EX-99.2L OPIN COUNSL 15 exh99-2l.htm
   EXHIBIT 2(l)
 
   


 
May 24, 2021


Neuberger Berman Next Generation Fund Inc.
1290 Avenue of the Americas
New York, New York 10104

Ladies and Gentlemen:

We have acted as counsel to Neuberger Berman Next Generation Fund Inc., a Maryland corporation (the “Company”), in connection with the Company’s registration statement on Form N-2 (File Nos. 333-252699; 811-23635) (the “Registration Statement”), filed with the U. S. Securities and Exchange Commission (the “Commission”) on February 3, 2021, registering the number of shares of the Company’s common stock, par value $0.0001 per share, set forth under “Amount Being Registered” on the facing page of the Registration Statement, as amended by Pre-Effective Amendment No. 4 thereto (the “Shares”), under the Securities Act of 1933, as amended (the “Securities Act”).

This opinion letter is being delivered at your request in accordance with the requirements of paragraph 29 of Schedule A of the Securities Act and Item 25.2.l of Form N-2 under the Securities Act and the Investment Company Act of 1940, as amended (the “Investment Company Act”).

For purposes of this opinion letter, we have examined originals or copies, certified or otherwise identified to our satisfaction of:

 
(i)
the prospectus and statement of additional information (collectively, the “Prospectus”) filed as part of the Registration Statement, as amended by Pre-Effective Amendment No. 1 thereto filed with the Commission on April 5, 2021, Pre-Effective Amendment No. 2 thereto filed with the Commission on or about April 20, 2021, Pre-Effective Amendment No. 3 thereto filed with the Commission on or about April 26, 2021, and Pre-Effective Amendment No. 4 thereto filed with the  Commission on or about May 24, 2021;

 
(ii)
the Company’s charter and bylaws in effect as of the date of this opinion letter; and

 
(iii)
the resolutions adopted by the board of directors of the Company relating to the Registration Statement, Pre-Effective Amendment No. 1 thereto, Pre-Effective Amendment No.2 thereto, Pre-Effective Amendment No. 3 thereto, and Pre-Effective Amendment No. 4, and the authorization for issuance and sale of the Shares.

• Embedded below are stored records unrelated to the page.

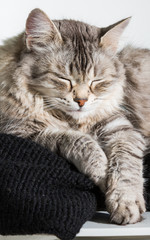 Adorable long haired cat of siberian breed in relax outdoor, purebred hypoallergenic animal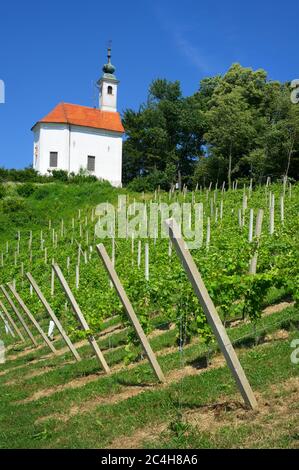 Kalvarija Hügel, Maribor, Slowenien, Europa - Stadthügel mit Weinberg und kleiner christlicher Kapelle / Kirche auf der Spitze. Frühling / Sommer sonnige Zeit. Stockfoto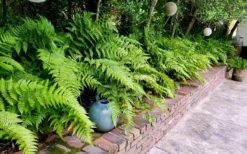 Autumn Brilliance Fern (Dryopteris Erythrosora) - 3 Gallon -Cheap Green Garden Store dryopteris erythrosora autumn brilliance fern 10 1
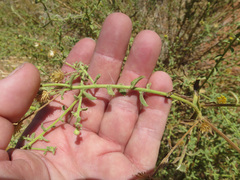 Heterotheca excelsior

We also have examined and relied upon certificates of public officials and, as to certain matters of fact that are material to our opinions, we have relied on a certificate of an officer of the Company.  We have not independently established any of the facts on which we have so relied.


Neuberger Berman Next Generation Connectivity Fund
May 24, 2021
Page 2


For purposes of this opinion letter, we have assumed the accuracy and completeness of each document submitted to us, the genuineness of all signatures on original documents, the authenticity of all documents submitted to us as originals, the conformity to original documents of all documents submitted to us as facsimile, electronic, certified, conformed, or photostatic copies thereof, and the due execution and delivery of all documents where due execution and delivery are prerequisites to the effectiveness thereof.  We have further assumed the legal capacity of natural persons, that persons identified to us as officers of the Company are actually serving in such capacity, and that the representations of officers of the Company are correct as to matters of fact.  We have further assumed that the number of Shares will not be less than 3,000,000 nor more than 900,000,000.  We have not independently verified any of these assumptions.

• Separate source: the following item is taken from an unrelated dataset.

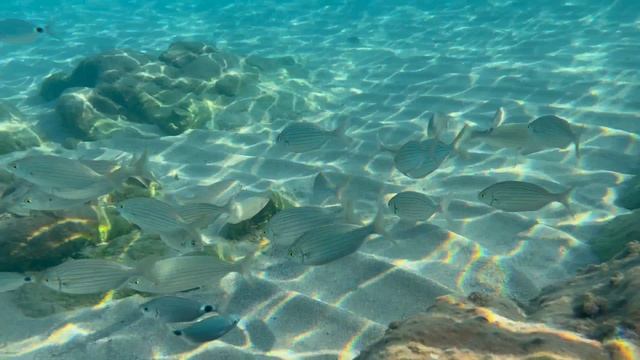 Cannes, Plage du Midi 2023 смотреть онлайн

The opinions expressed in this opinion letter are based on the facts in existence and the laws in effect on the date hereof and are limited to the Maryland General Corporation Law and the provisions of the Investment Company Act that are applicable to equity securities issued by registered closed-end investment companies.  We are not opining on, and we assume no responsibility for, the applicability to or effect on any of the matters covered herein of any other laws.

Based upon and subject to the foregoing, it is our opinion that when issued and paid for by the purchasers upon the terms described in the Registration Statement and the Prospectus, the Shares to be issued pursuant to the Registration Statement will be validly issued, fully paid, and nonassessable.

This opinion is rendered solely in connection with the filing of the Registration Statement.  We hereby consent to the filing of this opinion with the Commission in connection with Pre-Effective Amendment No. 4 to the Registration Statement and to the reference to this firm’s name under the headings “Legal Opinions” and “Counsel” in the Prospectus.  In giving this consent, we do not thereby admit that we are experts with respect to any part of the Registration Statement or Prospectus within the meaning of the term “expert” as used in Section 11 of the Securities Act or the rules and regulations promulgated thereunder by the Commission, nor do we admit that we are within the category of persons whose consent is required under Section 7 of the Securities Act or the rules and regulations of the Commission promulgated thereunder.